Prior to your surgical procedure, our office will contact your insurance company to verify benefits and check notification requirements. Any copays, coinsurance, or deductibles will be the patient’s responsibility. Payment of these will be handled through our surgery coordinator.
Statements are mailed monthly. Payments are due within 15 days of the statement date.
A current Medicaid card must be presented at each visit. If your Medicaid is Carolina Access, we must have an authorization number from your primary provider (that is listed on the card) in order to see you. If your card has the wrong provider listed, the proper number must be available prior to your visit. If a patient is expecting to receive Medicaid benefits, does not have current coverage, and wishes to be seen as a personal pay patient, we will be glad to see you. However, we do not do retroactive filing to Medicaid. Once you receive your Medicaid coverage, we will file all future claims for you. However, we do not re file old dates of service.

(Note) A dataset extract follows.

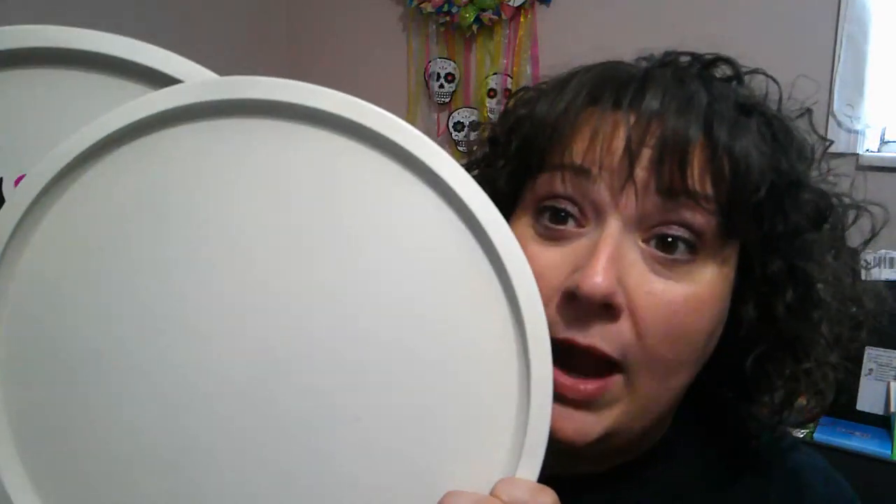The first thing you're going to do is spray paint your pizza pans. Both of your round ones need to be white, and your rectangle one needs to be black — or whatever color you choose.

Our office charges a minimal fee for the copying of medical records and for filling out forms. The fee will be determined at the time of the request and is based on number of pages copied or length of time to complete the forms. All requests for medical records must be accompanied by a release of information form signed by the patient or legal guardian.
Due to the high deductibles often associated with HSA's, we do ask that all visits be paid in full at the time of service. If you have met your deductible, please bring your latest "explanation of benefits" (EOB) from your insurance company to your visit. If your deductible has not been met, please be prepared to pay in full at the time of check-out. To make payment easier for you, we do accept Visa and Master Card.